The decision



IN THE UPPER TRIBUNAL
IMMIGRATION AND ASYLUM CHAMBER
Case No: UI-2024-001436

First-tier Tribunal No: EU/53117/2023
LE/00693/2024

THE IMMIGRATION ACTS

Decision & Reasons Issued:
On 29 August 2024

Before

UPPER TRIBUNAL JUDGE BRUCE
UPPER TRIBUNAL JUDGE LANDES

Between

ARTUR WOJCIECHOWSKI
(NO ANONYMITY ORDER MADE)
Appellant
and

THE SECRETARY OF STATE FOR THE HOME DEPARTMENT
Respondent

Representation:
For the Appellant: Mr Robinson (Counsel instructed by Goscimski & Associates, Solicitors)
For the Respondent: Mr Terrell, Senior Home Office Presenting Officer

Heard at Field House on 7 August 2024


DECISION AND REASONS

1. The appellant is a citizen of Poland. On 22 January 2023 he submitted an application to the respondent under the EU Settlement Scheme. The application was refused on 26 April 2023 on the basis that whilst there was evidence of the appellant having resided in the UK periodically between April 2018 and March 2019, there was no evidence more recent than March 2019 and so he had neither shown a continuous qualifying period of five years, nor that he had an unbroken period of residence before the specified date (2300 on 31 December 2020). The respondent noted that they had attempted to contact the appellant “numerous times” between 4 and 11 April 2023 to ask for further evidence of residence but what had been provided was not sufficient.

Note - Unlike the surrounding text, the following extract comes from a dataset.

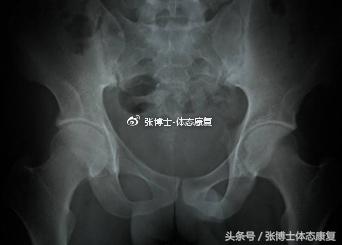 「运动康复科普」强直性脊柱炎了解一下，康复训练方法请看文章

2. The appellant appealed. At the time he was acting in person. He asked for his appeal to be decided on the papers without a hearing. In his appeal reasons he explained “I am appealing the refusal because I have presented all the necessary documents to the Home Office confirming my stay in England for over five years. During this time I worked and lived in Great Britain. For a while I neglected to pay the tax because I had a difficult family situation with my ex-partner but since the beginning of the year I have been trying to rectify this arrears. I have confirmation from employers from that period that I was employed. I have confirmation of renting an apartment and bank statements that can confirm my permanent stay there…”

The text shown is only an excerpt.